Top of Dataset excerpts

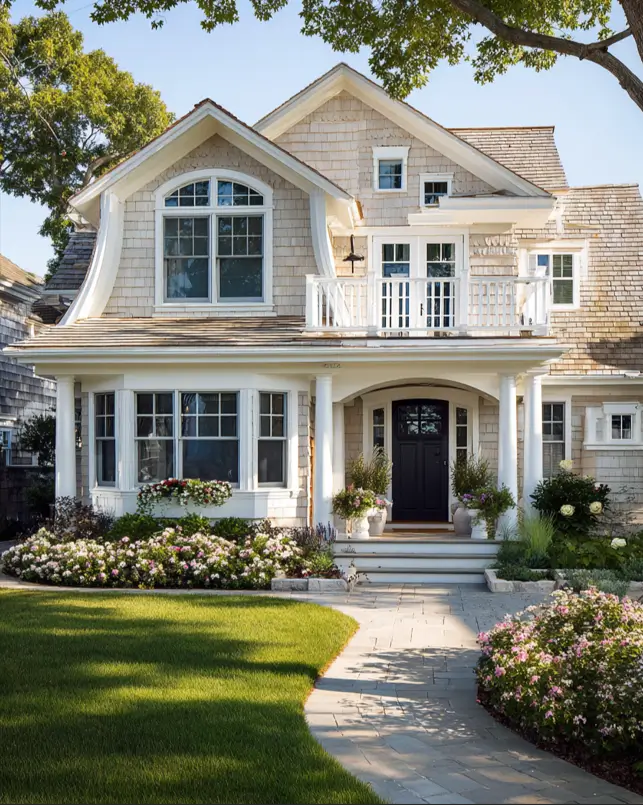 A coastal-inspired suburban house exterior covered in natural cedar shingle siding, featuring a charming white balcony over the covered front porch.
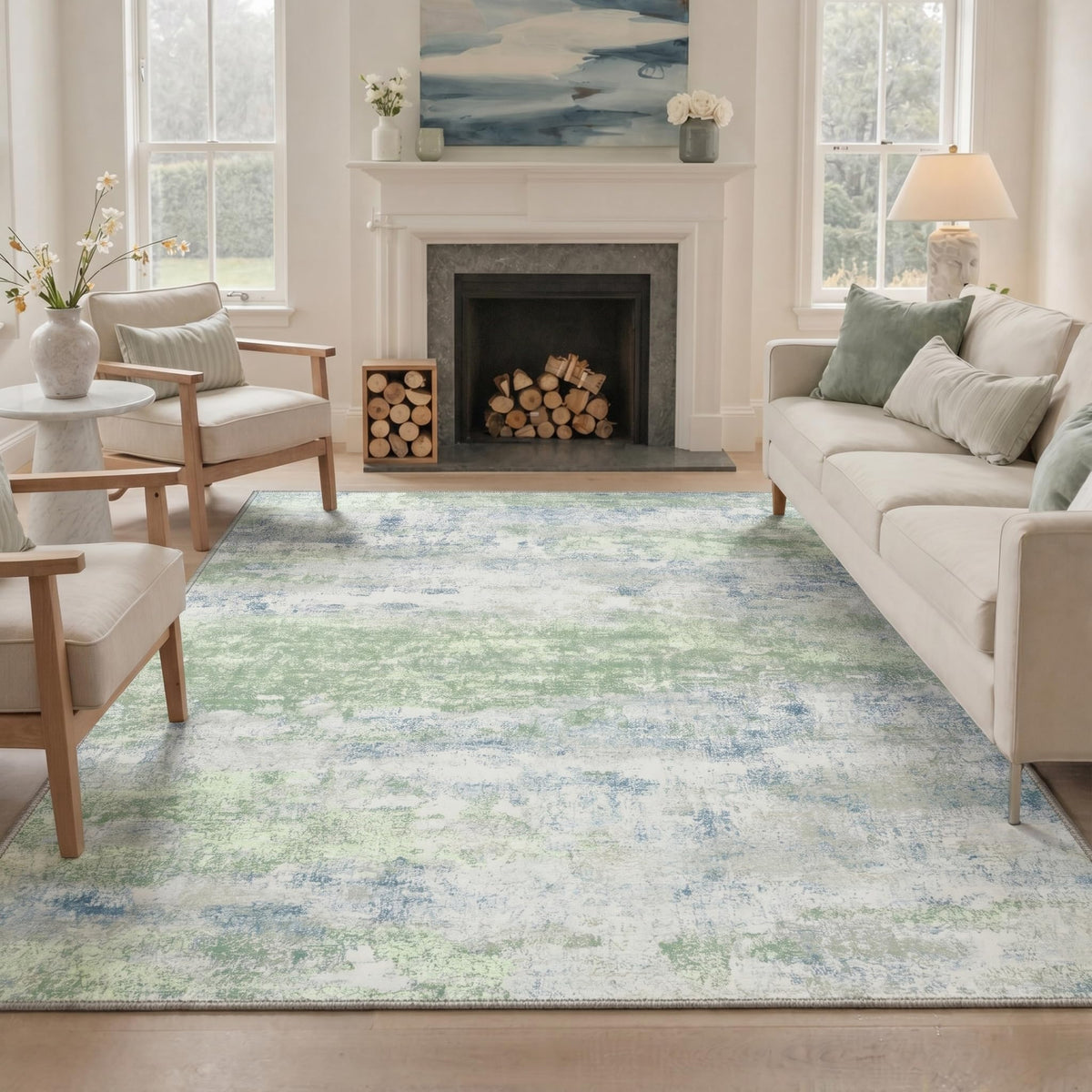 BEIMO 5X7 Area Rug for Living Room, Modern Abstract Washable Soft Non Slip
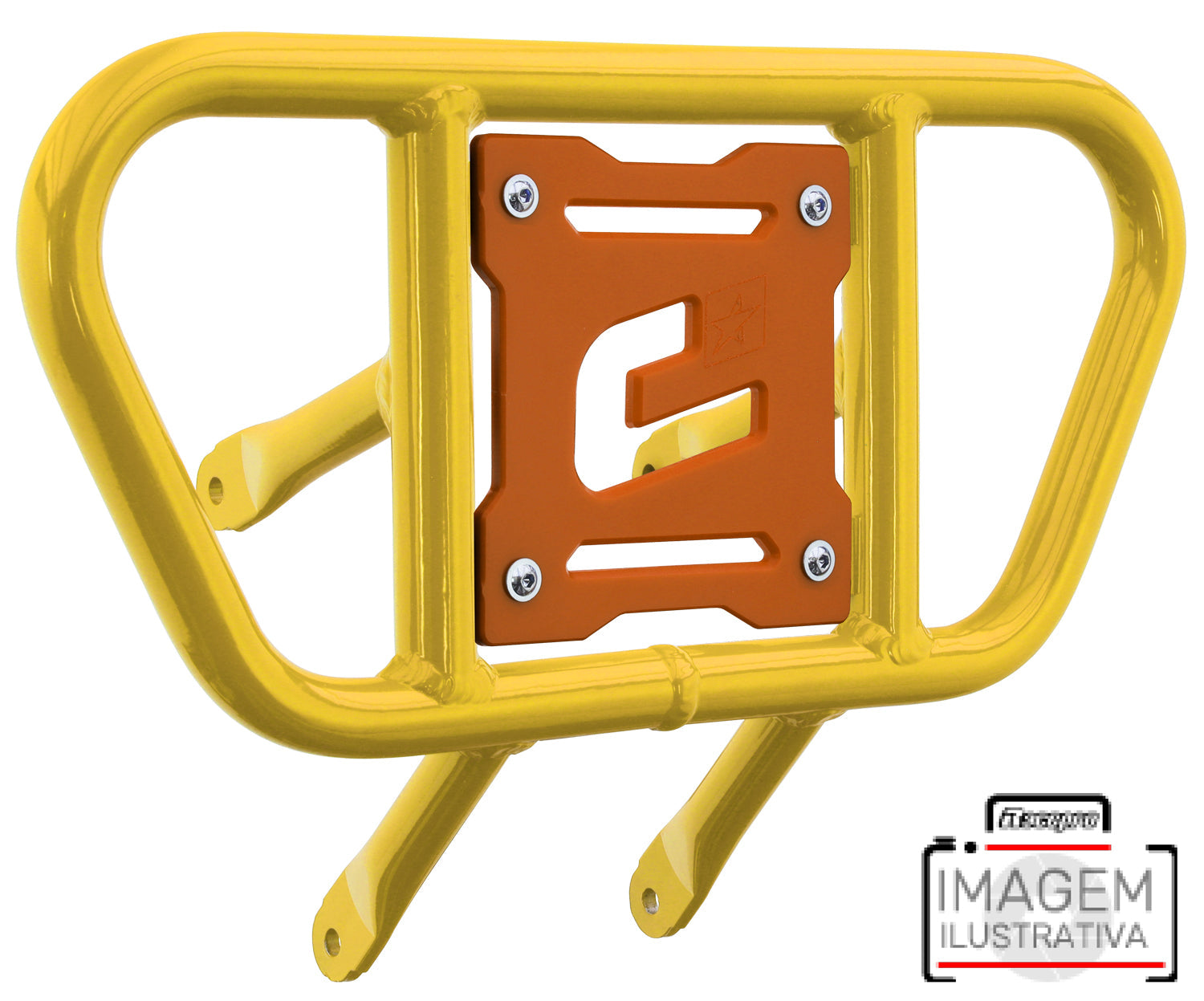 Crosspro - Front Bumper CR01 For Yamaha YFM 700 Raptor-Yellow Tube / Orange Plate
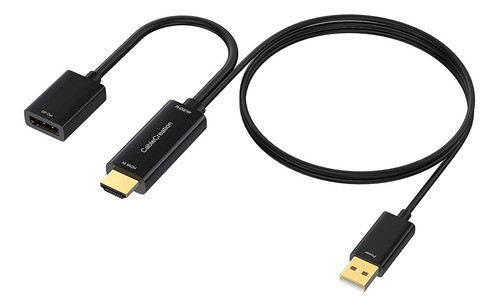 Adaptador Hdmi A Displayport Con Alimentacion Usb, 60hz/4k 0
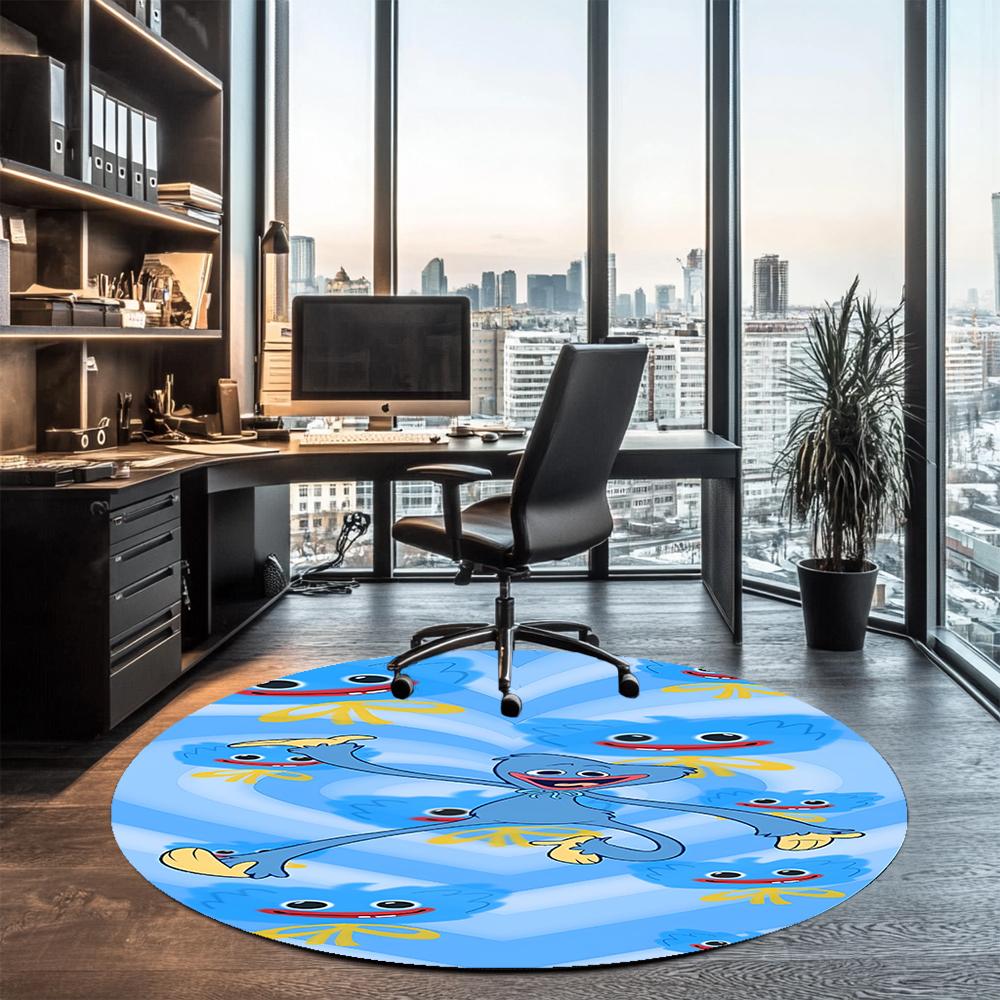 Huggy Wuggy Printed Round Rug Carpet Chair Rug Area Rug Entryway Doormats,for Office Chair Living Room Bedroom Kitchen Room.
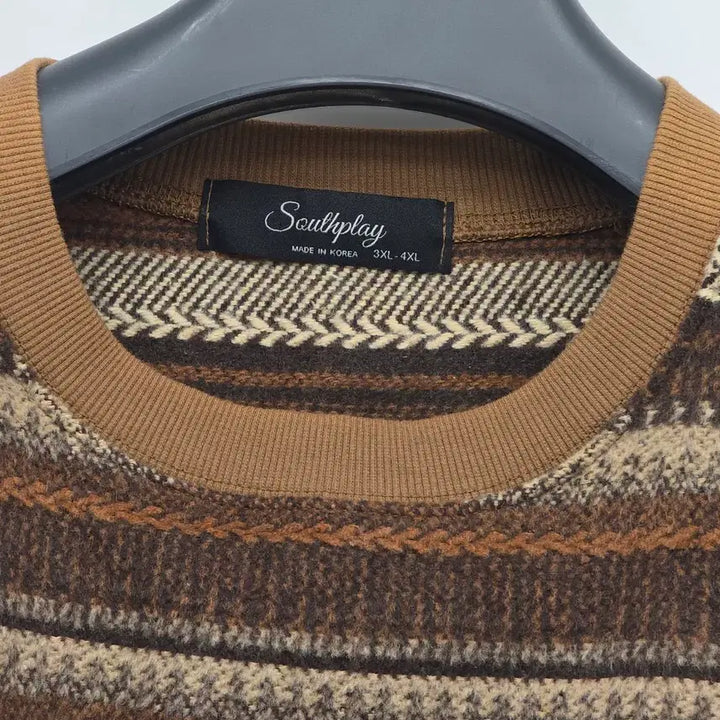 [BUNJANG] Soulstaylog Brown Striped Knit A30013 / Soulstaylog 브라운 스트라이프 니트 A30013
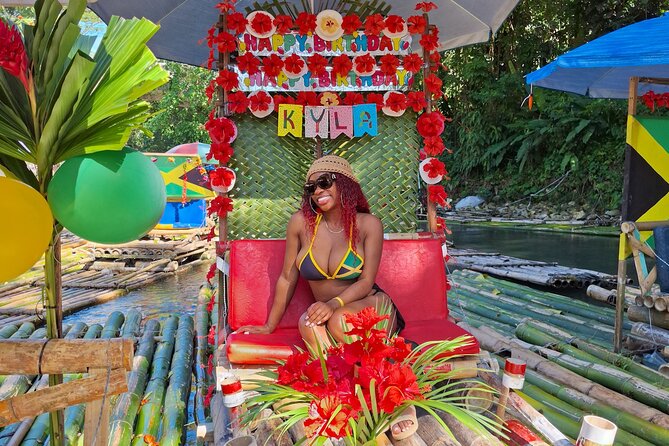 Montego Bay: Bamboo Rafting with Limestone Massage & Shopping - Boarding a bamboo raft in Lethe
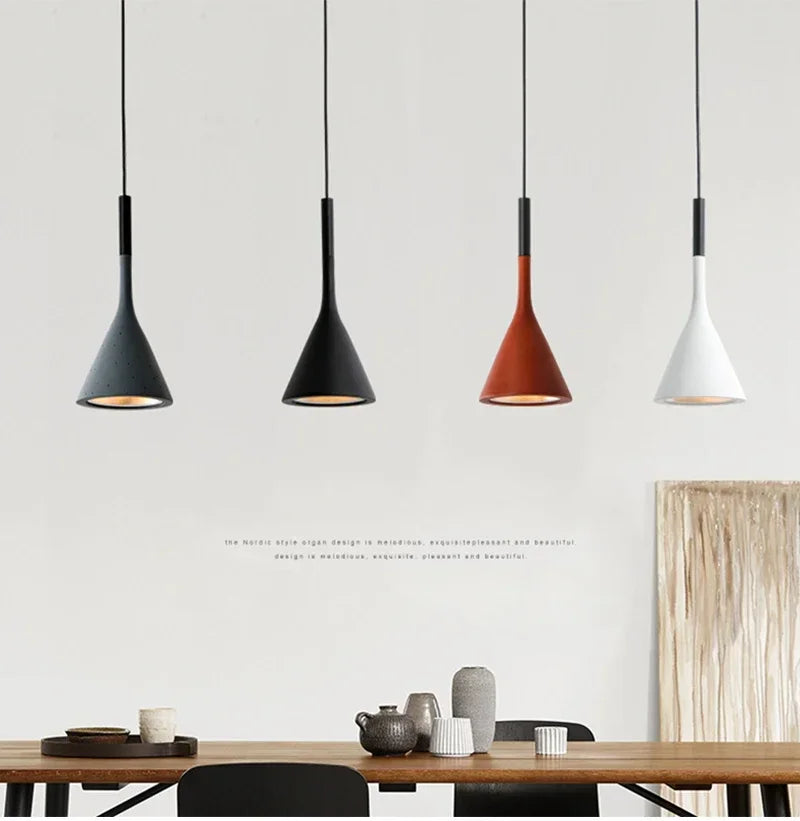 Modern LED Pendant Lights Black & White E27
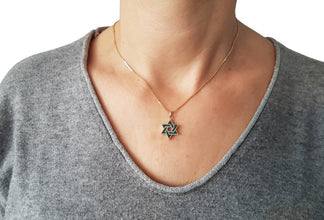 14k Gold Eilat Stone Star of David Pendant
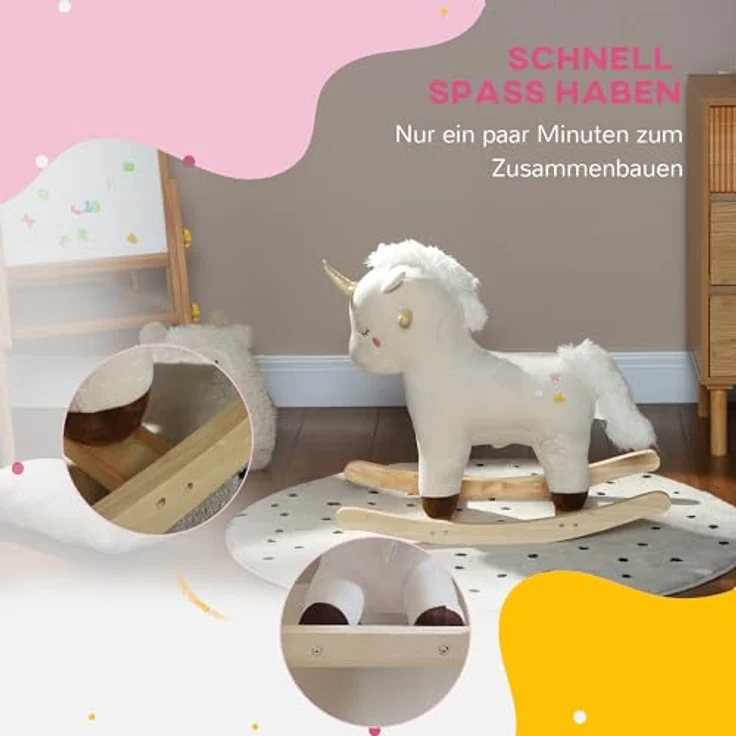 AIYAPLAY Schaukeltier mit Unicorn Design, Sound, Schaukelpferd, Schaukelspielzeug, Plüsch, Weiß, für Kleinkinder ab 2 Jahre – Bild 6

Bottom of Dataset excerpts

• _How to complete this task_: Print exactly, and only, the lines from the line containing "Montego Bay: Bamboo" to the last line of the material above, with every picture left out.

• _Solution to this problem_:
 Montego Bay: Bamboo Rafting with Limestone Massage & Shopping - Boarding a bamboo raft in Lethe
 Modern LED Pendant Lights Black & White E27
 14k Gold Eilat Stone Star of David Pendant
 AIYAPLAY Schaukeltier mit Unicorn Design, Sound, Schaukelpferd, Schaukelspielzeug, Plüsch, Weiß, für Kleinkinder ab 2 Jahre – Bild 6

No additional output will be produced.